Talking Points: The American Health Care Act
03.09.2017
The American Health Care Act would strip affordable coverage from working people, leaving millions uninsured and millions more facing drastically higher premiums and out-of-pocket costs. It would return us to a time when only the wealthy were able to afford comprehensive coverage.
This bill would effectively end health coverage for 11 million people by terminating the ACA’s Medicaid expansion and radically restructure the rest of the Medicaid program in ways that will pass health care costs and risk on to states.
- It would end the current guarantee of federal support based on actual state spending and restrict federal funding.
- Under this bill, every state would have its federal funding adjusted based on the same inadequate, one-size-fits-all inflation formula.
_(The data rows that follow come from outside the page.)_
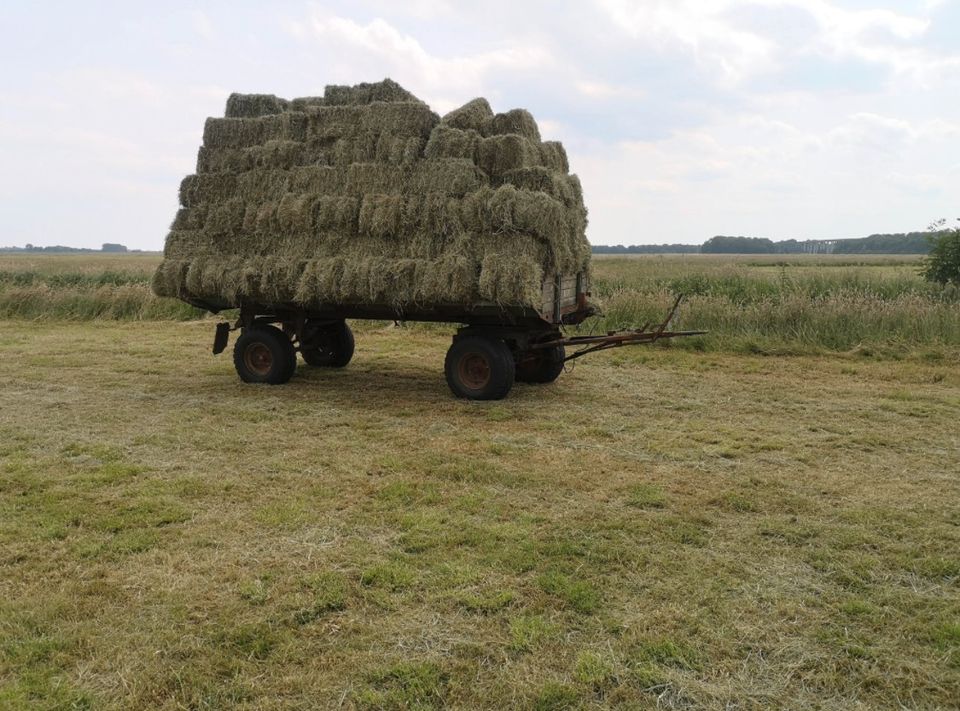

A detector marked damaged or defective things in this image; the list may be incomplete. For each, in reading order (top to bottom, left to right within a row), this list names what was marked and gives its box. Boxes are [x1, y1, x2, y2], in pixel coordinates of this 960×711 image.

rusty wheel [232, 326, 296, 386]
rusty wheel [444, 336, 512, 400]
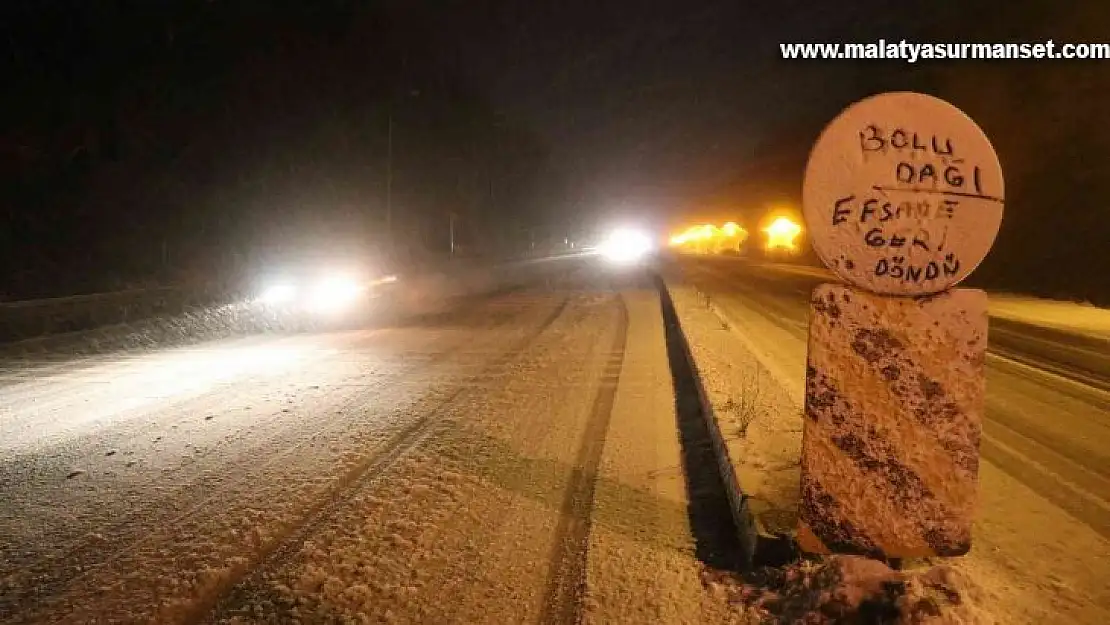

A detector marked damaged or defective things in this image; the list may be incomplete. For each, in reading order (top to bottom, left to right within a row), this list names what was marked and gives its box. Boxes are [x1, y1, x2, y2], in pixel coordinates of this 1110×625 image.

rusty stain on post [799, 284, 990, 557]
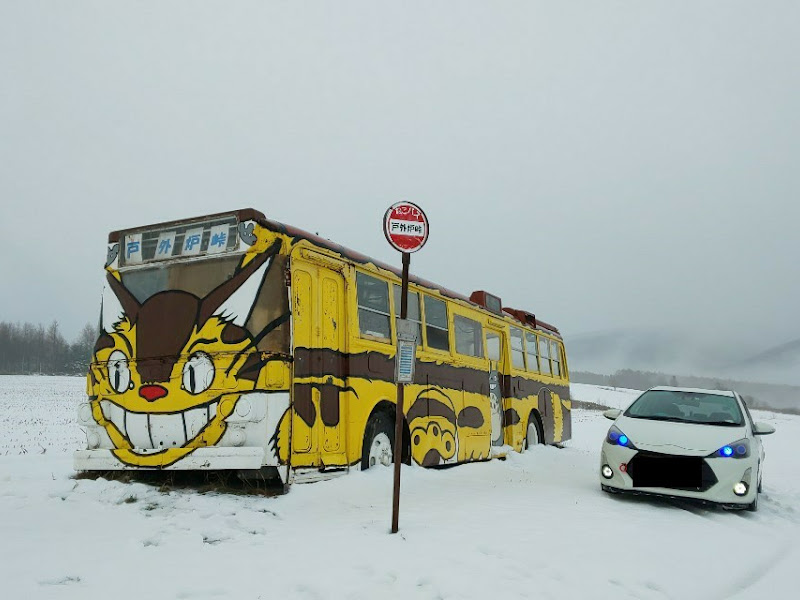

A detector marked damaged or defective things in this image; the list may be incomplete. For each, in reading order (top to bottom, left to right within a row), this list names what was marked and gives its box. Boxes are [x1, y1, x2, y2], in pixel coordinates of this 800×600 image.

abandoned yellow bus [75, 209, 572, 486]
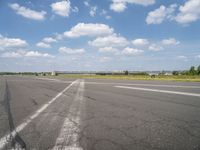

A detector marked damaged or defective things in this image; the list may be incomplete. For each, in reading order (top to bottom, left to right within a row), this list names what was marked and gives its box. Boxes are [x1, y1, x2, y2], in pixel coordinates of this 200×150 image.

cracked asphalt [0, 77, 200, 149]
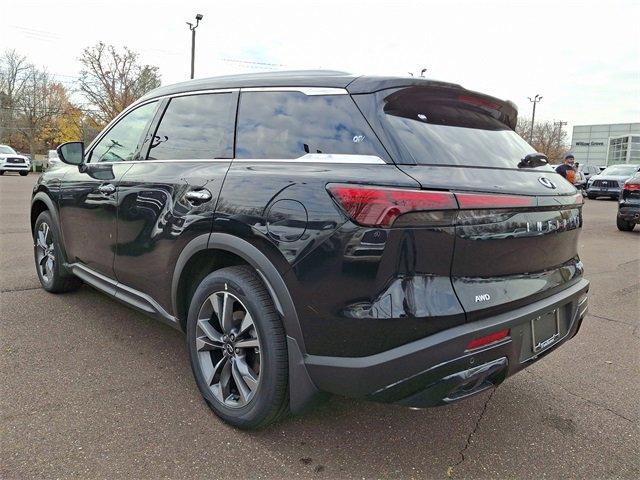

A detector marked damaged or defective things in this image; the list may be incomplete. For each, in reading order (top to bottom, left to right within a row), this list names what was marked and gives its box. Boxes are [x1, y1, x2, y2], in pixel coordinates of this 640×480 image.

pavement crack [450, 388, 496, 470]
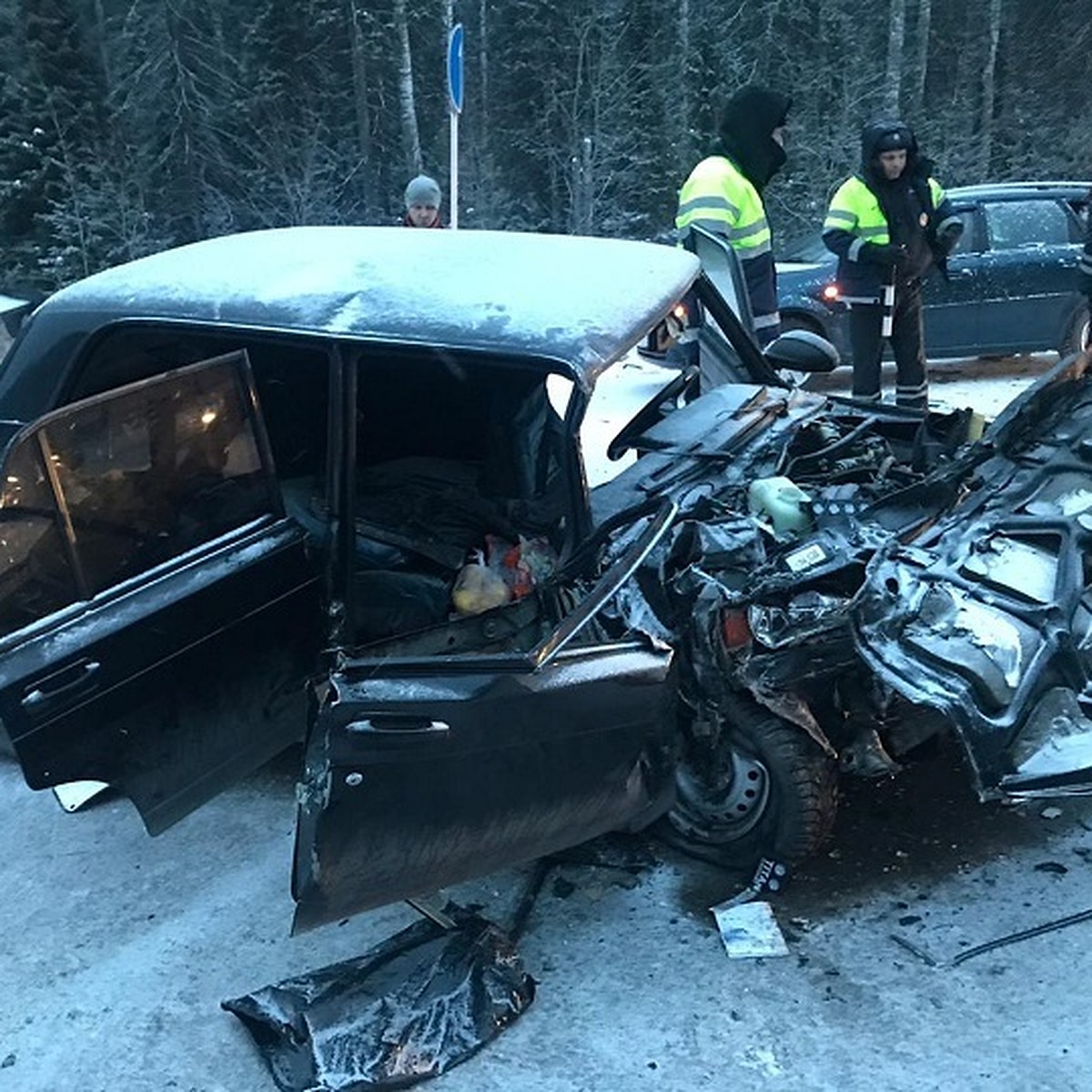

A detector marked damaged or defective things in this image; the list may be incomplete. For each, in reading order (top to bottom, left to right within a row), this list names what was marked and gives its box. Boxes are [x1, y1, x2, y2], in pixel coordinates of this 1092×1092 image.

wrecked car [2, 226, 1083, 925]
bent metal hood [852, 351, 1092, 804]
torn sheet metal [221, 908, 532, 1087]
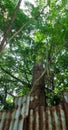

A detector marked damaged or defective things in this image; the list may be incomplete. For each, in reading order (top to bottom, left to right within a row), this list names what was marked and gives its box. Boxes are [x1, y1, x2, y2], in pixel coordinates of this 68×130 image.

rusty metal roof [0, 92, 68, 129]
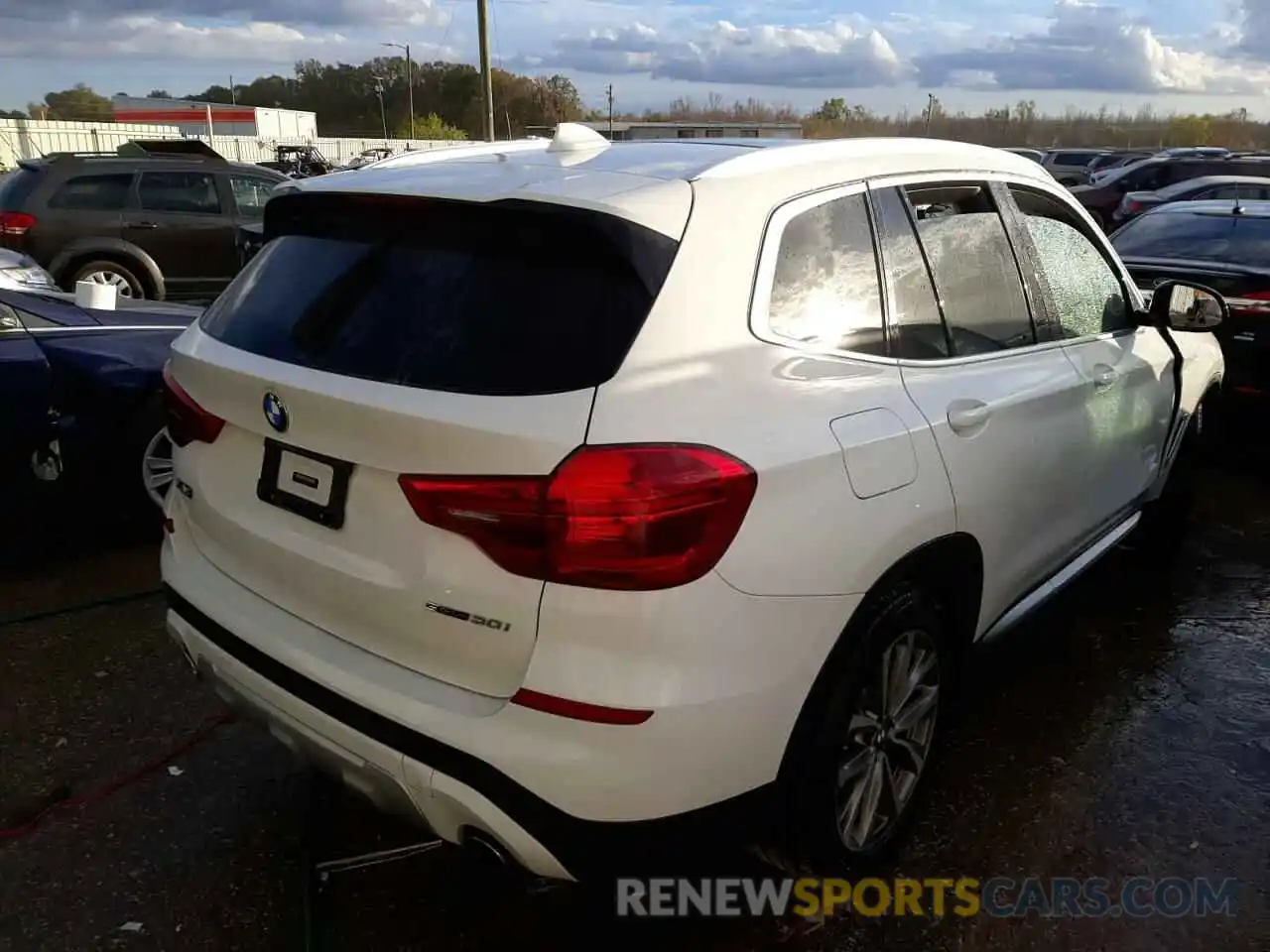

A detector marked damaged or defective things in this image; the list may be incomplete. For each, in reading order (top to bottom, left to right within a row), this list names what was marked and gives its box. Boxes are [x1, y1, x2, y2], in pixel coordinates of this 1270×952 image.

missing license plate [256, 438, 353, 528]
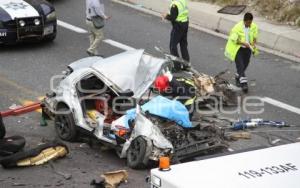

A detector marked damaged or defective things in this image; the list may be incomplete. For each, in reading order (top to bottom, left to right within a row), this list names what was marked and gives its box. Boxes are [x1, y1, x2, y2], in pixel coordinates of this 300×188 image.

detached car hood [91, 49, 166, 98]
crushed car roof [91, 50, 166, 98]
wrecked white car [42, 50, 227, 169]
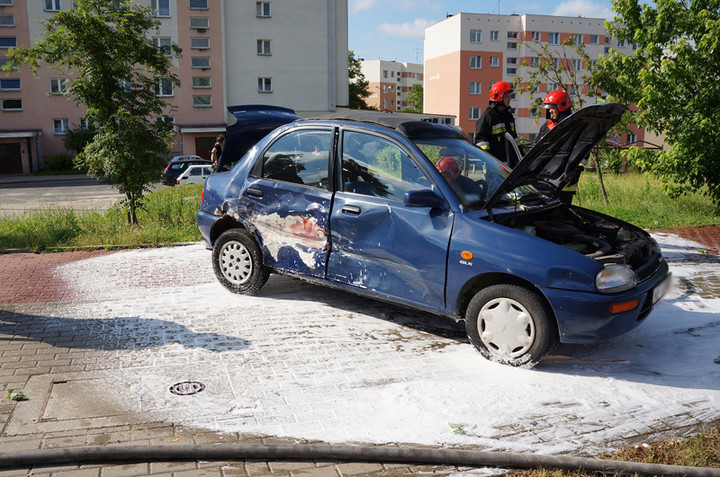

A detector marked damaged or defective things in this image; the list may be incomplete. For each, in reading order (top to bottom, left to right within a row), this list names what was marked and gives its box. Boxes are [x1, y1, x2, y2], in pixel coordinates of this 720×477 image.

damaged blue car [195, 102, 668, 366]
- This formula ignores the unique needs of state Medicaid programs, which have varying spending patterns based on state-specific demographics, medical technology use, public health crises, and more.
This bill would gut financial assistance for premiums as well as cost-sharing for lower- and moderate-income families and further increase premiums for older adults by thousands of dollars.
- Millions of people will see their premiums and deductibles increase by hundreds to thousands of dollars.
- People with serious chronic illnesses will be hurt the most, left only with bare-bones coverage that comes with drastically higher deductibles. These individuals will once again be forced to go without lifesaving treatment or go into debt to get the care they need.
This bill provides billions of dollars in tax cuts to the wealthy and billion-dollar corporations. These tax cuts for the rich are paid for by taking health care away from lower-income working families and putting at risk the health care of millions of children, seniors, and people with disabilities.
- It’s clear given the harmful policies in this bill that millions of people will lose coverage. It’s wildly reckless for the Republicans to move forward without independent analysis of the full damage these policies will inflict on families and on the federal budget.